I'm looking for interpretable necessary/sufficient conditions on $A$ which guarantee that $(I-x A)$ is a convergent matrix for some $x\in \mathbb{R}$
For instance, $A$ normal with non-zero eigenvalues having real parts of same sign seems sufficient.
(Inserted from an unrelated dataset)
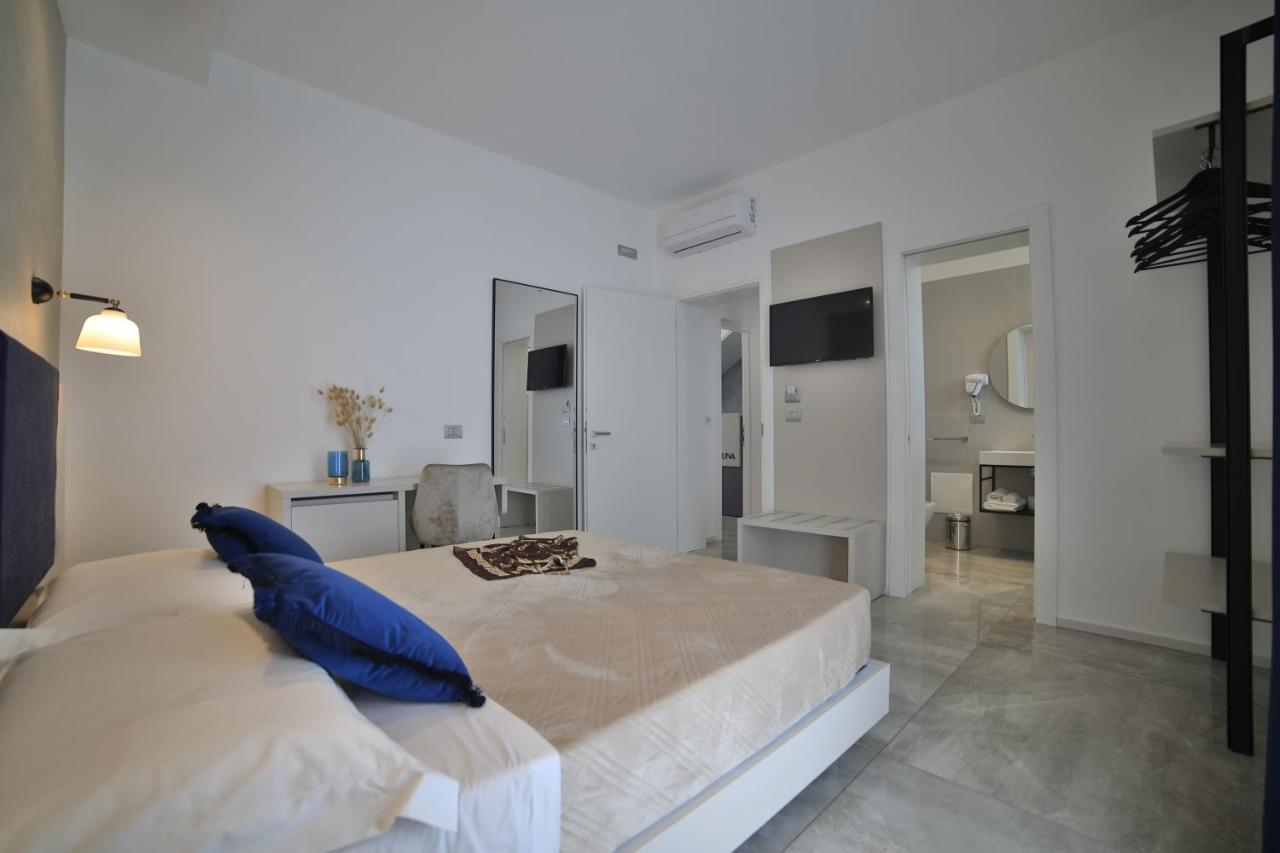 Calaluna Rooms Порто Чезарео Екстериор снимка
What about non-normal $A$?
For instance, let $A=\left(\begin{matrix}1&2\\0&1\end{matrix}\right)$, we can visualize trajectories of $\left(I-x \left(\begin{matrix}1&2\\0&1\end{matrix}\right)\right)^k$ below.
$A$ satisfies this condition because of spectral radius condition, $\rho(I-xA)<1$ for any $0<x<2$
Following this it seems the example above is provably convergent because this map is contractive under coordinate change $y=Px$ with
$$P=\left( \begin{array}{cc} \frac{2 \sqrt{\frac{29}{3}}}{3} & -\frac{4}{\sqrt{87}} \\ 0 & \frac{10}{\sqrt{87}} \\ \end{array} \right)$$
Coordinate transformation $P$ under which $x=Ax$ becomes contractive for any stable $A$ can be obtained by solving the following (comes from discrete Lyapunov equation)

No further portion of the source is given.